About MeBy Carrie
I am a New Zealander currently based in Denver, Colorado. I work as an editor, formerly for AAA Colorado’s bimonthly travel magazine, and currently for Associated Skin Care Professionals. This website has nothing to do with any of my past or present employers. If it ends up leading to future employment, or playing a pivotal role in the Great Invasion of 2034 by space squids from a parallel universe, we will just have to wait and see how that goes.
I’ve done pretty much everything, as far as jobs go. Much of it has been some form of writing, editing, or other magazine work, but I’ve also done database development, project management at a Post Office processing facility, crewed on ferries and square rigged sailing ships, and a short stint in air/sea search and rescue. I will try literally anything. I mean, what’s the worst that can happen? Most things that can happen to a person have already happened to me, but as Steve McQueen shouted at those guys in that movie, I’M STILL HERE.
My interests include silversmithing, electronics, weightlifting and fitness.
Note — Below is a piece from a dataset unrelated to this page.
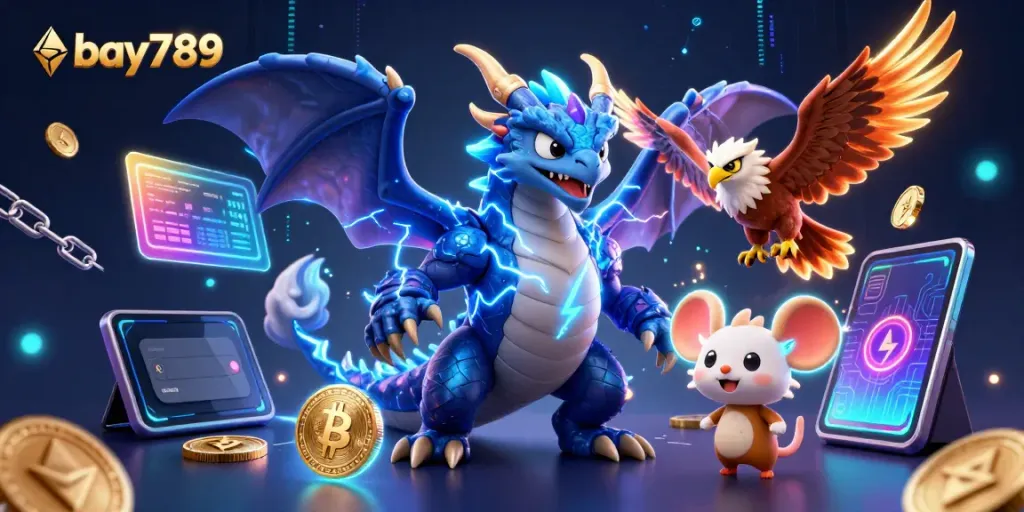 Experience thrilling action at bay789 with vibrant 3D casino characters and crypto elements in a magical scene.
I play a large number of musical instruments, none of them particularly well, but the guitar is my main instrument. I like metal and currently lean towards Viking, black, and melodic death metal, as well as thrash/speed metal and the classic ’80s bands. I taught classical guitar for several years in my 20s, but can no longer play a wide-necked classical guitar due to a wrist injury that affects my reach. I still play some classical pieces on my electric guitars (currently two different Dean models: a Michael Schenker Flames V and a cheapo MLX, both of which I love more than life itself).
I’m never happier than when I’m finding out something I didn’t know before, or learning a new skill. I need to know how things work. If they don’t work right, I need to figure out how to fix them. Once you understand this, you know everything there is to know about me. If you have any sense at all, you might prefer to avoid me as a result.
In my first real job, on my first assignment as a writer, a colossal case of mistaken identity led directly to me having to make a speech to the Prime Minister and Cabinet members of a third-world country, on a topic that I knew nothing whatsoever about. There didn’t seem to be any way to get out of it, so I stayed up all night working on it, gave a speech that they’re probably still trying to figure out, stitched a big grin on my face and shook hands with everyone and got the hell out of there before anyone started asking detailed questions. That was when I was 20 and less confident; if it happened today I’d have stayed for the questions and tried to snag some free canapés and a repeat invitation. Anyway, I figured it couldn’t get any worse than that, so I stayed in the industry and it’s all been good since then. I make things, do stuff, go places, and write about it. And since people seem to be willing to pay me money for it, life can hardly get any better.